• Gaunt

    Pronunciation

    • enPR: gônt, IPA: /ɡɔːnt/
    • some accents enPR: gänt, IPA: /ɡɑːnt/
    • Rhymes: -ɔːnt, -ɑːnt

    Alternative forms

    Origin

    From Middle English gawnt, gawnte ("lean, slender"), from Old French, probably from a Scandinavian source, related to Old Norse gandr ("magic staff, stick"), from Proto-Germanic *gandaz ("stick, staff"), from Proto-Indo-European *gʷʰen- ("to beat, hit, drive"). Cognate with Icelandic gandur ("magic staff"), Norwegian gand ("tall pointed stick; tall, thin man"), Danish gand, gan, Norwegian gana ("cut-off tree limbs"), Bavarian Gunten ("a kind of wedge or peg"). Related also to Old English gūþ ("battle"), Latin dēfendō ("ward off, defend"). Compare also Swedish dialectal gank ("a lean, emaciated horse").
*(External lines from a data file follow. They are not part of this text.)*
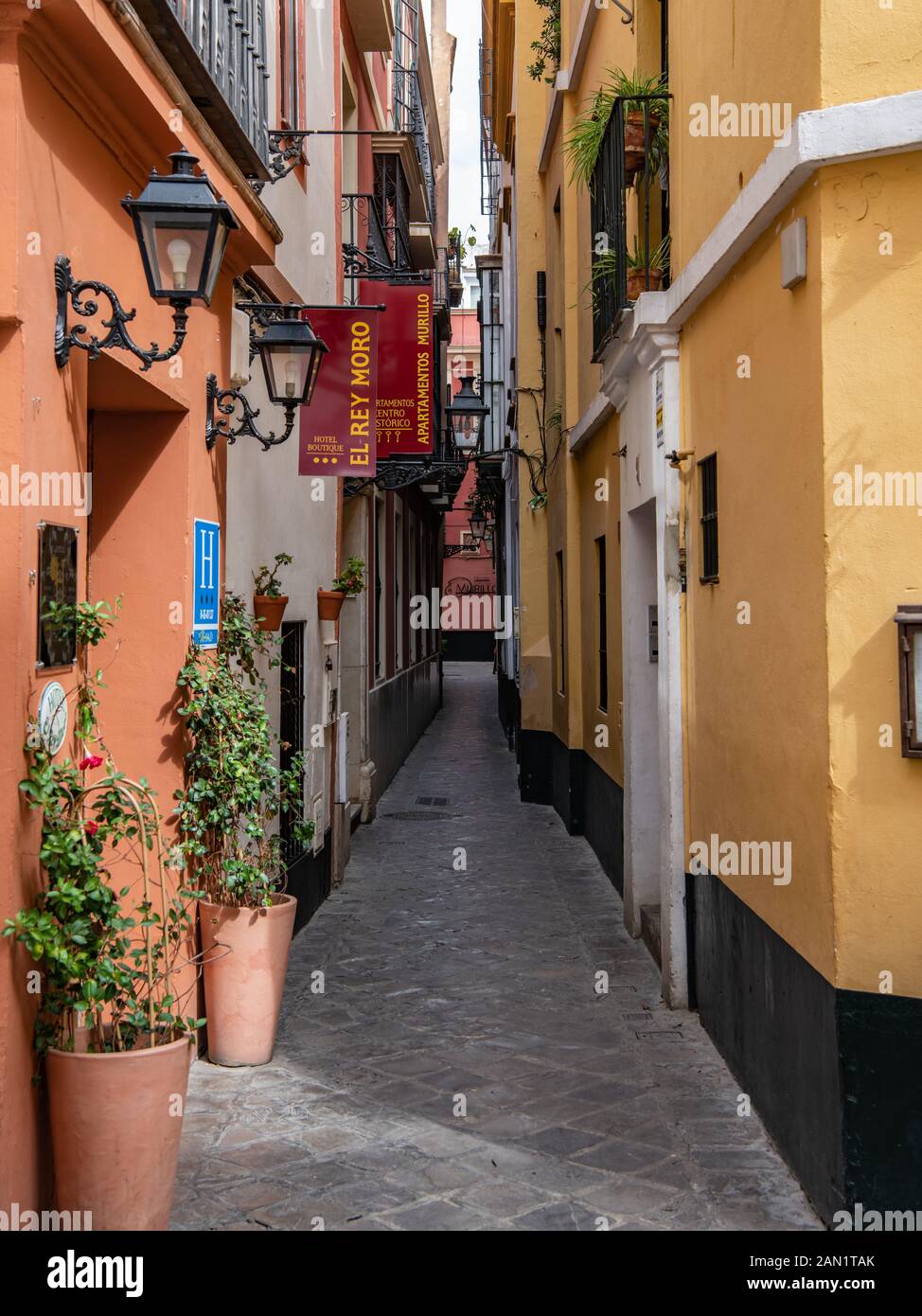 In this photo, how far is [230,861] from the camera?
566 centimetres

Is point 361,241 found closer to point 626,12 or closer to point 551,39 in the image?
point 551,39

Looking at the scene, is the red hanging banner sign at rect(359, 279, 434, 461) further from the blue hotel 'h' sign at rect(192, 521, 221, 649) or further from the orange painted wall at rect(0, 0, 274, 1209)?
the blue hotel 'h' sign at rect(192, 521, 221, 649)

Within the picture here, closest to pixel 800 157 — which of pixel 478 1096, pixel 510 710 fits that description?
pixel 478 1096

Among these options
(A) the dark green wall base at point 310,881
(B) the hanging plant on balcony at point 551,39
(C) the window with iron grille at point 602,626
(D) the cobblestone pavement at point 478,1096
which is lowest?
(D) the cobblestone pavement at point 478,1096

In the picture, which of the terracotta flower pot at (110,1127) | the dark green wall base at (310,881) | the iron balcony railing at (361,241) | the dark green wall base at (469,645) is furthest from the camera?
the dark green wall base at (469,645)

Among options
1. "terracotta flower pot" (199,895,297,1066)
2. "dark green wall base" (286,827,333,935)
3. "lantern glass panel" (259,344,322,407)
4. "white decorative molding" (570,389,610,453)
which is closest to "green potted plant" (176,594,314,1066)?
"terracotta flower pot" (199,895,297,1066)

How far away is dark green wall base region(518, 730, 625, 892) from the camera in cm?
966

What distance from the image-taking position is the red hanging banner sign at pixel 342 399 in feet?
27.0

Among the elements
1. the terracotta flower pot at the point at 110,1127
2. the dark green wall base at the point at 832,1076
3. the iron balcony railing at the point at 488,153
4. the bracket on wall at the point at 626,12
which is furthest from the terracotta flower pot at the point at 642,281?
the iron balcony railing at the point at 488,153

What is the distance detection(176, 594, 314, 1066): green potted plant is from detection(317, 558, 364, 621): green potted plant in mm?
3389

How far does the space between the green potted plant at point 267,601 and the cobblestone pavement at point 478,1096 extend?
7.09 ft

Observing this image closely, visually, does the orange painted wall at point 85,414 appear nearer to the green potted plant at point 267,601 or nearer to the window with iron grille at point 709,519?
the green potted plant at point 267,601

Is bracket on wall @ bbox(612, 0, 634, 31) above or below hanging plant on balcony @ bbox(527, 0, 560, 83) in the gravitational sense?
below

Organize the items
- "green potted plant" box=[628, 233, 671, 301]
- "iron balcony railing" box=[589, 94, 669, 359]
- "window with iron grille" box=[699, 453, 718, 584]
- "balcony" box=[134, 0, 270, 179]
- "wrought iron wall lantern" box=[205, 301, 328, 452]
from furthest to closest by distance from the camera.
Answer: "green potted plant" box=[628, 233, 671, 301] < "iron balcony railing" box=[589, 94, 669, 359] < "wrought iron wall lantern" box=[205, 301, 328, 452] < "window with iron grille" box=[699, 453, 718, 584] < "balcony" box=[134, 0, 270, 179] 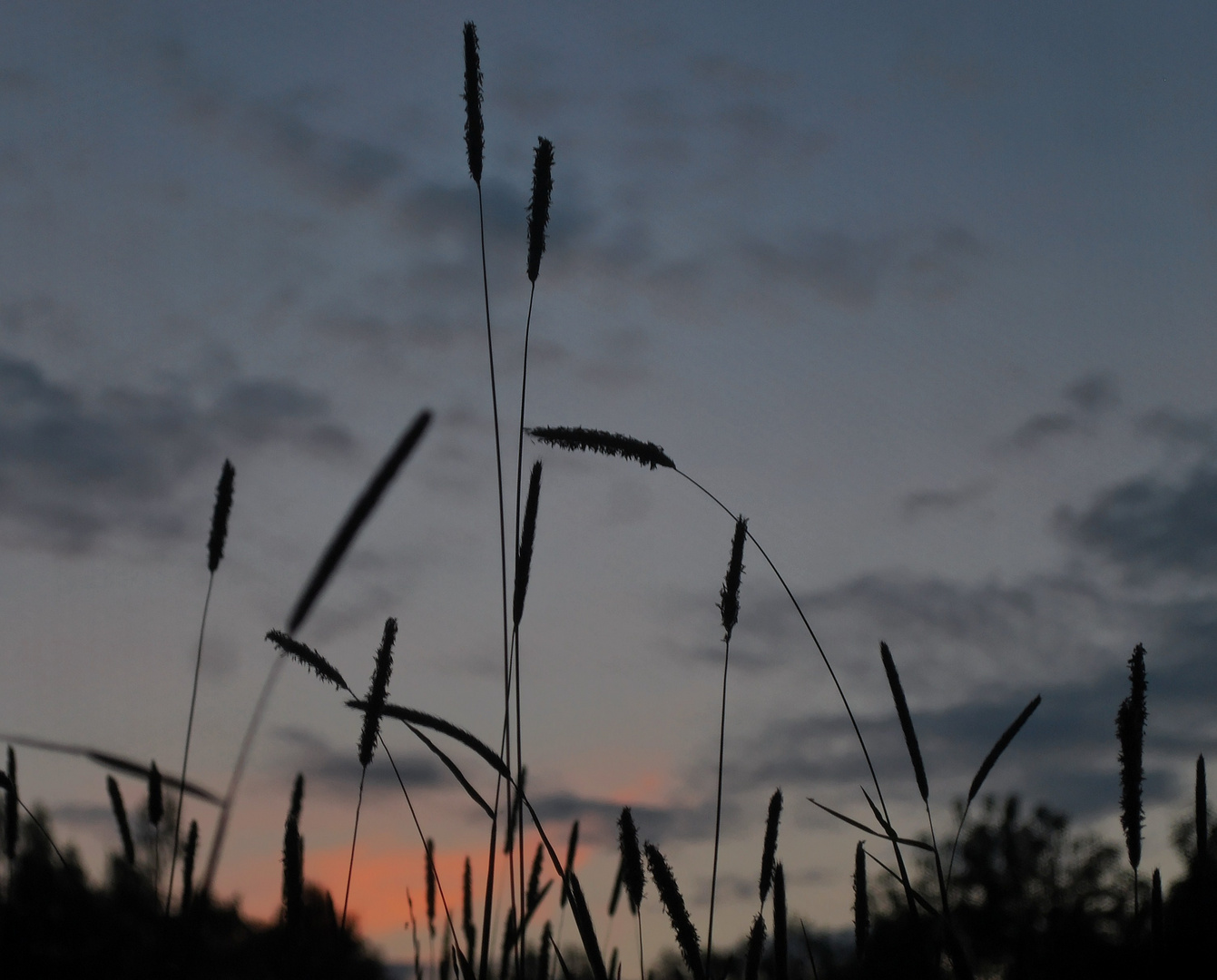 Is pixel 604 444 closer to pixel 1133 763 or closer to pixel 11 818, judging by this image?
pixel 1133 763

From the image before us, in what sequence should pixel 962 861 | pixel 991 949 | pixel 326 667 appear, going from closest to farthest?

    Full definition of gaunt

    Adjective

    gaunt

    1. lean, angular, and bony
      • 1894, Joseph Jacobs, The Fables of Aesop Chapter 1, A gaunt Wolf was almost dead with hunger when he happened to meet a House-dog who was passing by.
    2. haggard, drawn, and emaciated
      • 1917, Arthur Conan Doyle, His Last Bow Chapter 5, In the dim light of a foggy November day the sick room was a gloomy spot, but it was that gaunt, wasted face staring at me from the bed which sent a chill to my heart.
    3. bleak, barren, and desolate
      • 1908, William Hope Hodgson, The House on the Borderland Chapter 14, Behind me, rose up, to an extraordinary height, gaunt, black cliffs.